● **Work order**:
Beginning at the line that mentions "Farba Akrylowa Daler", retype the rest of the records below exactly. Pictures are not part of the copy.

Captioned web images:
•••
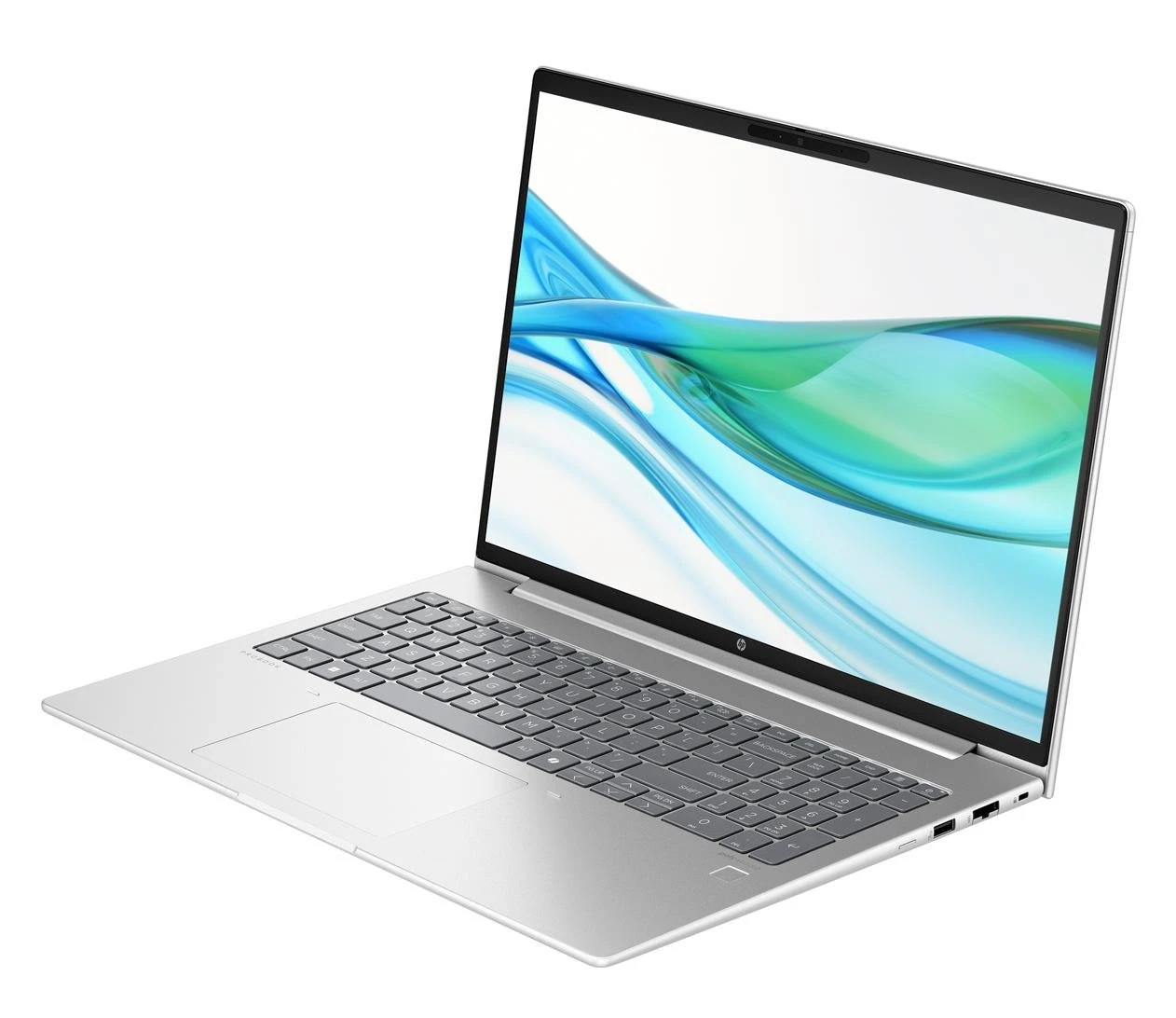 HP ProBook 465 Ryzen 7-7735U/16GB/1TB/Win11P (A38DVET)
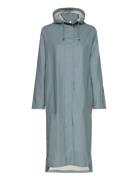Rain71L Blue Ilse Jacobsen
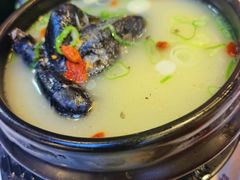 -长顺参鸡汤店(西塔总店)
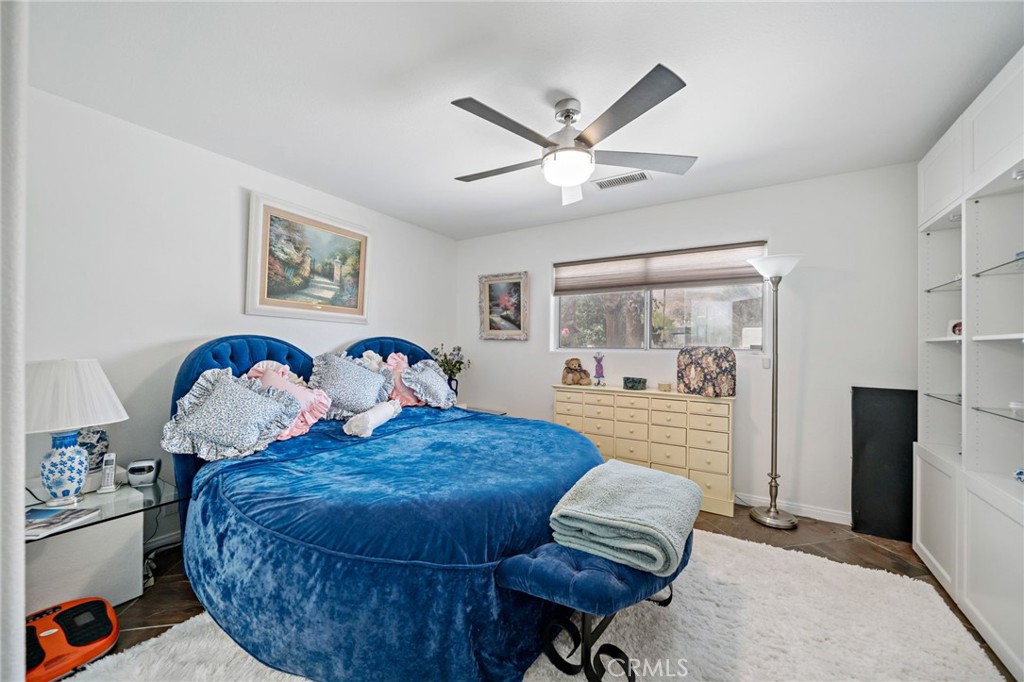 MLS #SW25155554 image #22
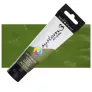 Farba Akrylowa Daler Rowney System 3 59 ml 367 Oxide Of Chromium Green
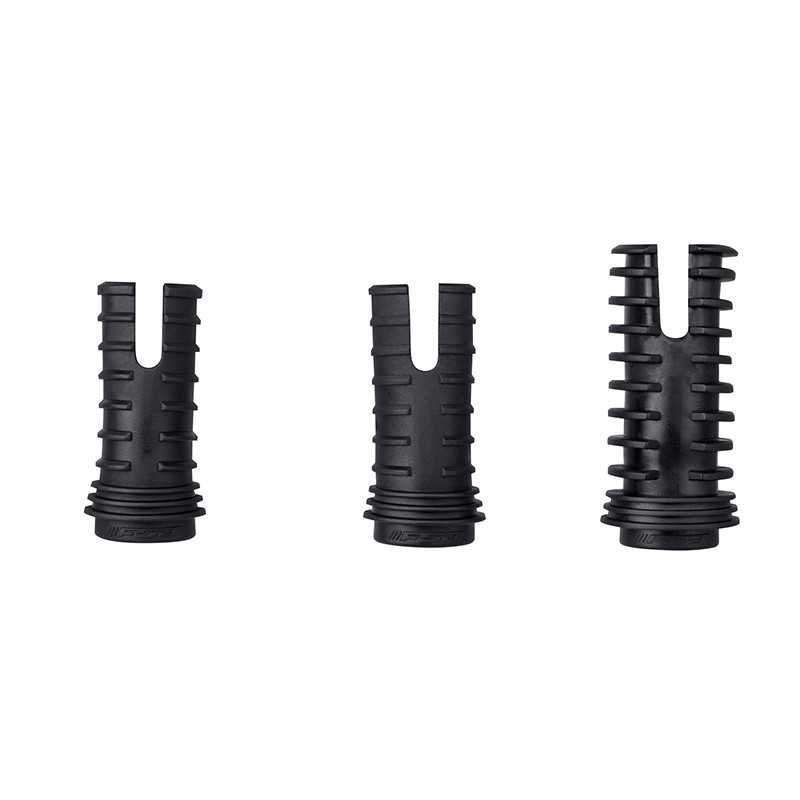 FSA Adaptador para bateria interna K-FORCE/WE/SL-K 27.2 E0535 720720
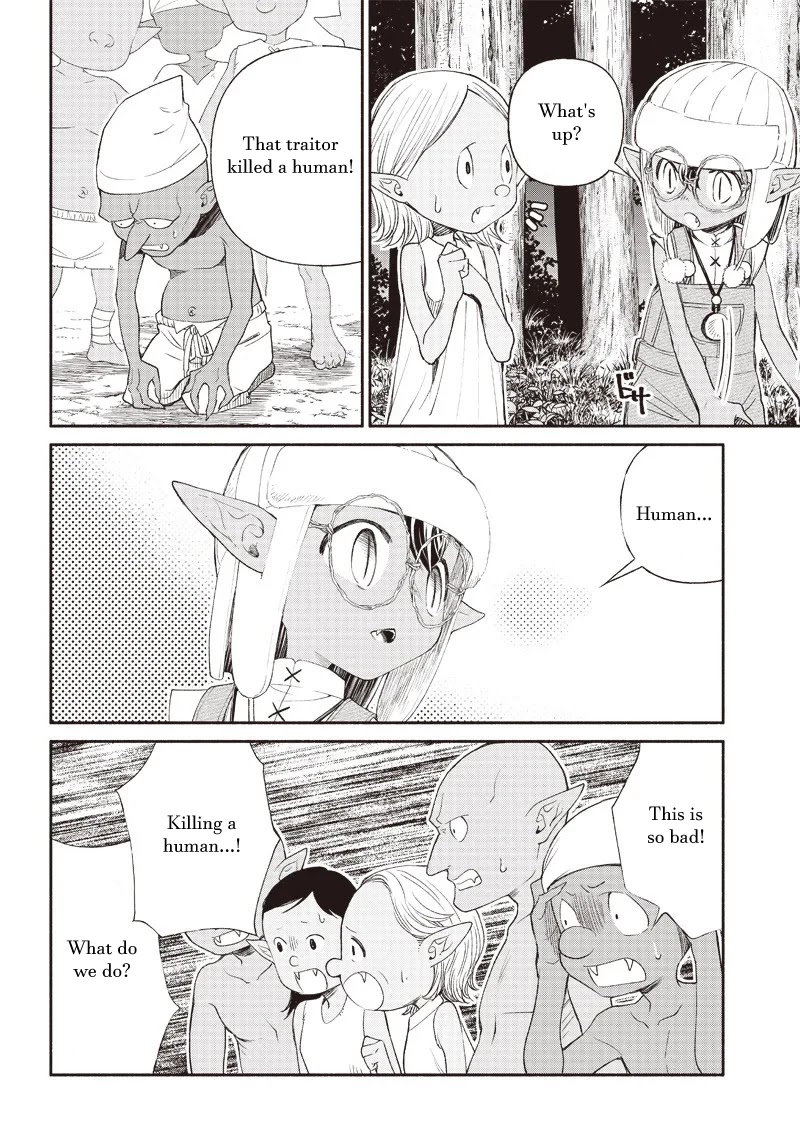 tensei-goblin-dakedo-shitsumon-aru-chap-2-3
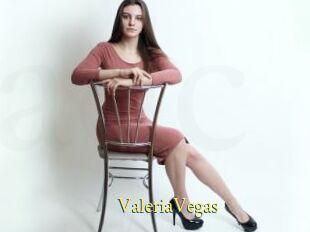ValeriaVegas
•••
● **Solved exercise**:
 Farba Akrylowa Daler Rowney System 3 59 ml 367 Oxide Of Chromium Green
 FSA Adaptador para bateria interna K-FORCE/WE/SL-K 27.2 E0535 720720
 tensei-goblin-dakedo-shitsumon-aru-chap-2-3
ValeriaVegas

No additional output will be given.